Sierra Club – Aichilik Rafting

Sierra Club – Aichilik Rafting


June 26, 2024 - July 3, 2024


Arctic National Wildlife Refuge


Payments through Sierra Club



June 26, 2024 - July 3, 2024


Arctic National Wildlife Refuge


Payments through Sierra Club

The Aichilik River is a beautiful clear river traversing the Coastal Plain of the Arctic National Wildlife Refuge. The trip starts in the foothills of the Brooks Range and ends at the frozen Arctic Ocean, allowing visitors to experience a great diversity of wildlife and habitats. The trip is timed to experience early summer in the arctic in all its abundance, with multitudes of birds nesting on the tundra, 24 hour daylight, and the river still running high from snowmelt.

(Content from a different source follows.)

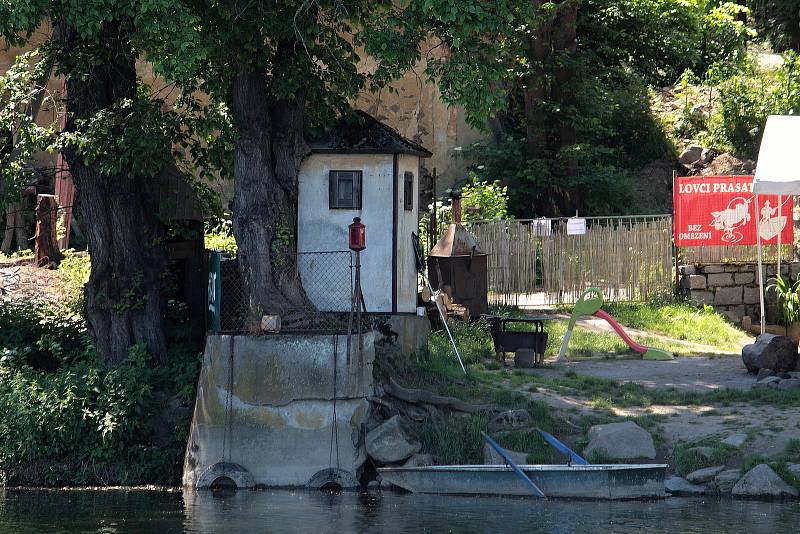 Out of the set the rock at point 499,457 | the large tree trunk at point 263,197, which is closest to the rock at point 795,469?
the rock at point 499,457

The Arctic National Wildlife Refuge is a wilderness unparalleled. The diversity of landscapes, seasonal abundance of wildlife with global importance, significance to indigenous communities, and inspiring solitude has garnered the area international attention. In October 2023 the Biden Administration took the bold step and halted existing Trump-era leases in the Refuge. And the Biden administration is currently engaged in an environmental review that could stop future oil leases in the area. This would be a significant contribution to our national conservation goal. Sierra Club experts on our trip will provide inside information into the conservation efforts.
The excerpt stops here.